First, at least two people thought the 1-8 numbered list was “MIRI’s organizational plan” rather than “what we’d be least surprised to see happen in the world, conditional on good outcomes.” MIRI is trying to de-confuse itself about step 8 and help put AGI developers in a better position in the future to select for AGI designs that are alignment-conducive, not trying to develop AGI.

Second, at least two other people misread “minimal aligned AGI” as “minimally aligned AGI”, and thought MIRI was saying that developers should do the bare minimum of alignment work and then deploy immediately; or they saw that we were recommending building “systems with the bare minimum of capabilities for ending the acute risk period” and thought we were recommending this as an alternative to working really hard to achieve highly reliable and robust systems.

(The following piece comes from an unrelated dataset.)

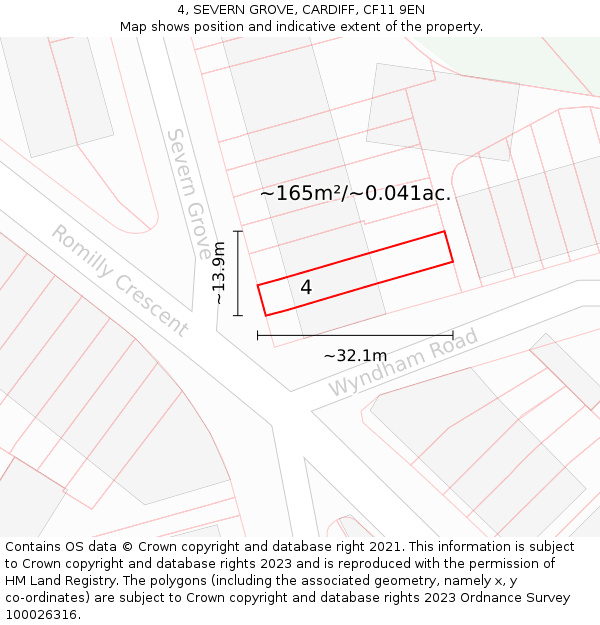 4, SEVERN GROVE, CARDIFF, CF11 9EN: Plot and title map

The MIRI view isn’t “rather than making alignment your top priority and working really hard to over-engineer your system for safety, try to build a system with the bare minimum of capabilities”. It’s: “in addition to making alignment your top priority and working really hard to over-engineer your system for safety, also build the system to have the bare minimum of capabilities”.

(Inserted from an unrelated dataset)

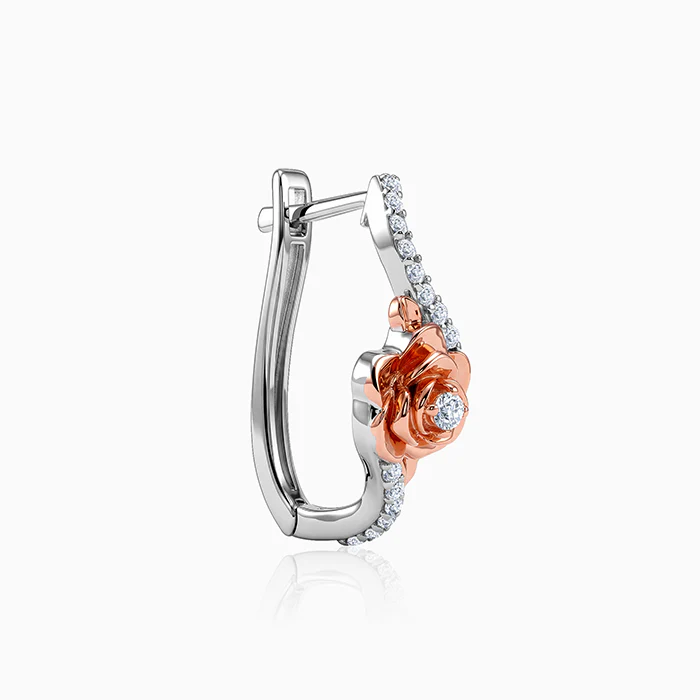 Dual Tone Ethereal Silver Hoop Earrings - Image 4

The idea isn’t that you can get away with cutting corners on safety by keeping the system weak; per Eliezer’s security mindset posts, a good plan should work (or fail safely) if the system ends up being a lot smarter than intended. Instead, the idea is that shooting for the bare minimum of capabilities adds a lot of value if your fundamentals are really good. Every additional capability a developer needs to align adds some extra difficulty and additional points of failure, so developers should target minimality in addition to alignment.